● **What is expected**
Each line from the one bearing "this 845×633 image." through the last line of the entries below should be returned exactly, with pictures left out.

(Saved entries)
###

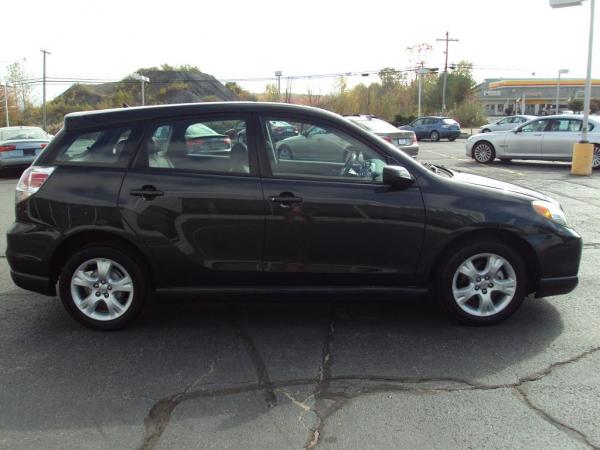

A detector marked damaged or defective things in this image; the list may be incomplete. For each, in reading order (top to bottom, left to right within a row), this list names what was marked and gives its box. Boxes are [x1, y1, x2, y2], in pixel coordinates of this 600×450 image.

crack in asphalt [136, 312, 600, 450]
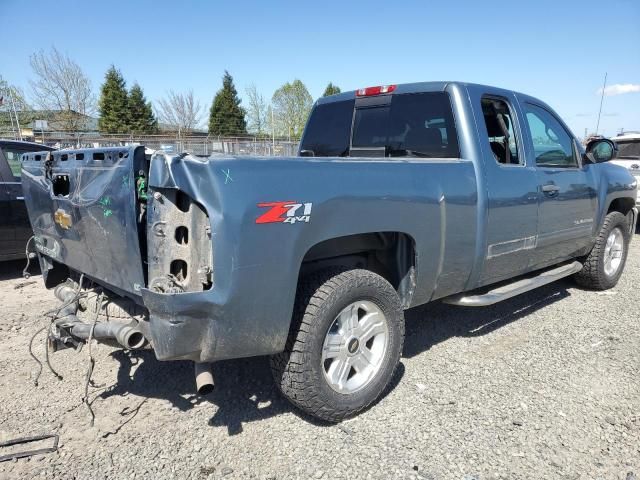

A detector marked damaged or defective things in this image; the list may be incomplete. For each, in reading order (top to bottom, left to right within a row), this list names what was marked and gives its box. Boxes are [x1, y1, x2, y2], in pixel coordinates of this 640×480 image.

crumpled rear panel [21, 146, 146, 296]
damaged truck rear [20, 81, 636, 420]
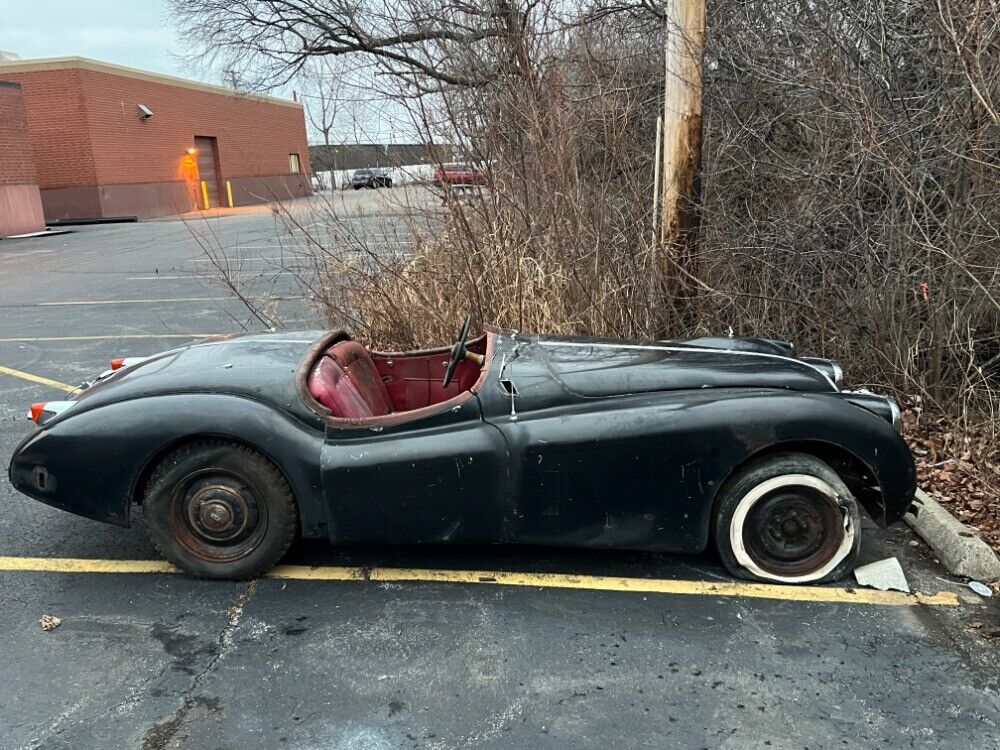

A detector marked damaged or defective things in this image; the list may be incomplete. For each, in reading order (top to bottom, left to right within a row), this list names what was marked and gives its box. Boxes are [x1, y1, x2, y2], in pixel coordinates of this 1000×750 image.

rusty wheel rim [170, 470, 268, 564]
rusty wheel rim [744, 490, 844, 580]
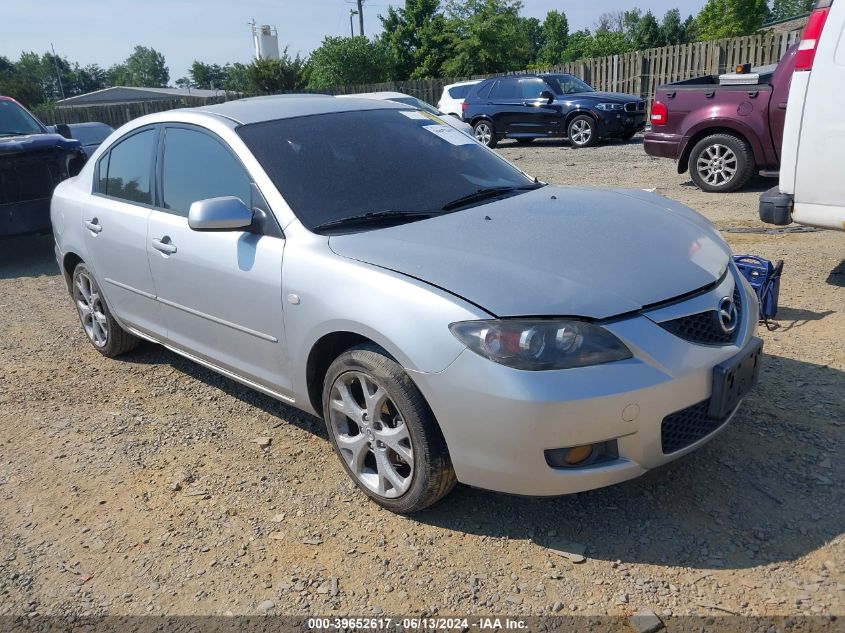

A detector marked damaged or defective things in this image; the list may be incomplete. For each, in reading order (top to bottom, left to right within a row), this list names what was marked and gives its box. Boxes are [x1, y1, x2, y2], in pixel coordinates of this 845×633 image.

dented hood [326, 185, 728, 318]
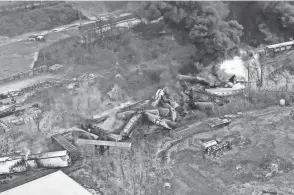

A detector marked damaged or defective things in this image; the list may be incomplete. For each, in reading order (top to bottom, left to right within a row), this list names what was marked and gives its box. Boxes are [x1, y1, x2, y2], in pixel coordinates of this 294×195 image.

damaged train car [0, 150, 70, 176]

###

● **Exercise response**
A detector marked damaged or defective things in this image; the list may be incomplete. For each, in reading order (top to bottom, left to right within a row), this list names what was marked and gives its box. Boxes are [x1, y1, x2, y2], in pixel coordinates of this 845×633 image.

dented hood [326, 185, 728, 318]

A detector marked damaged or defective things in this image; the list may be incomplete. For each, in reading order (top to bottom, left to right within a row), this list names what was marked and gives its box. Boxes are [x1, y1, x2, y2], in pixel coordinates of this 294×195 image.

damaged train car [0, 150, 70, 176]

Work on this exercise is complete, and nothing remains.